[Material for the task]
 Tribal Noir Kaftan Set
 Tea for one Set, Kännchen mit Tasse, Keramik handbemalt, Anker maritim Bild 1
==
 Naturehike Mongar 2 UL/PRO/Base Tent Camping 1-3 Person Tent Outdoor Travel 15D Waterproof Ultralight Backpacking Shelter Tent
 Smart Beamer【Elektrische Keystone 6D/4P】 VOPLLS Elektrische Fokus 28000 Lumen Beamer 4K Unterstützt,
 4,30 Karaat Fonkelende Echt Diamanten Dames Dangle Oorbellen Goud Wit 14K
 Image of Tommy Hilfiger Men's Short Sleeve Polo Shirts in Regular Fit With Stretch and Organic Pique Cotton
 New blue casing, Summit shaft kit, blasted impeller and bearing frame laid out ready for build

[Problem details] Using the data above, repeat exactly the lines that begin at the line with "Smart Beamer【Elektrische Keystone" and end at the line with "New blue casing, Summit", both ends included.

[Solved exercise]
 Smart Beamer【Elektrische Keystone 6D/4P】 VOPLLS Elektrische Fokus 28000 Lumen Beamer 4K Unterstützt,
 4,30 Karaat Fonkelende Echt Diamanten Dames Dangle Oorbellen Goud Wit 14K
 Image of Tommy Hilfiger Men's Short Sleeve Polo Shirts in Regular Fit With Stretch and Organic Pique Cotton
 New blue casing, Summit shaft kit, blasted impeller and bearing frame laid out ready for build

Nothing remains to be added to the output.